Southwark has many links with the Pilgrim Fathers who set sail for America in 1620. The story begins before then however. In 1586 a group of people were sent to The Clink for refusing to obey the religious laws of Elizabeth 1, thus beginning a tradition of religious dissent within Southwark.

The dissenters founded a prison church under the guidance of John Greenwood, a clergyman, and Henry Barrowe, a lawyer. They called themselves 'Independents' but were also known as 'Brownists' because of the free thinking of Robert Browne, the headmaster at St Olave's School. Another clergyman, Francis Johnson, soon joined them. He had been ordered by the English Ambassador to Holland to buy and burn the books by Greenwood and Barrowe.

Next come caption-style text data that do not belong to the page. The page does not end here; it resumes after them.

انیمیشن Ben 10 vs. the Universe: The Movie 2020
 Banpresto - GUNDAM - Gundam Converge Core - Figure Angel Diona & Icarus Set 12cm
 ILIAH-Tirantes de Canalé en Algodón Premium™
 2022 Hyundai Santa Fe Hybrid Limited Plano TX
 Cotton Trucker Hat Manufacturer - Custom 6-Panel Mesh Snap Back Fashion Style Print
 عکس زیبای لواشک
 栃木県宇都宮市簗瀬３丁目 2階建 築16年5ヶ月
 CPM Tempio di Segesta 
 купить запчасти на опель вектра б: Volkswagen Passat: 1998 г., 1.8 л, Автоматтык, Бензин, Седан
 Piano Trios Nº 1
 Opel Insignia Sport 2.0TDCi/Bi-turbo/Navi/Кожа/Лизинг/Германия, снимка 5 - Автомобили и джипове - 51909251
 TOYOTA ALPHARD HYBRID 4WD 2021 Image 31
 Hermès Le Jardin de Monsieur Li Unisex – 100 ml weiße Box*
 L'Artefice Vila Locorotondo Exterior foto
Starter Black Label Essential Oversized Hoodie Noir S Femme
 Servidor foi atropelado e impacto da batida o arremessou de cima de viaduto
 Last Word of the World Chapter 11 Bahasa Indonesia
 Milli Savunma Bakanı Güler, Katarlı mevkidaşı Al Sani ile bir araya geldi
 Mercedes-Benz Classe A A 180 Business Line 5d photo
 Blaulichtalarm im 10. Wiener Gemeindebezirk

Inspired by them he came to visit the authors and found himself being jailed with them!

In 1592 Greenwood, Barrowe and John Penry gained a temporary reprieve and began meeting at a house in the Borough and formally constituted the Southwark Independent Church. However the reprieve was short-lived and Greenwood and Barrowe were executed on 6th April 1593. John Penry was also executed, at a site near the present day junction between Albany Road and Old Kent Road, on 29th May 1593. Roger Rippon, whose house was used for worship, was arrested and died of disease in prison.

On his eventual release Francis Johnson travelled to Newfoundland looking for a place where religious freedom might be possible. He finally settled in Holland where many of the Southwark dissenters had fled to. The remaining members of the group continued to meet in secret before being brought into the open by Henry Jacob in 1616. Jacob had been influenced by the writing of Johnson and in 1620 some members of the Southwark Church were given permission to sail to America. It was this group who went on The Mayflower.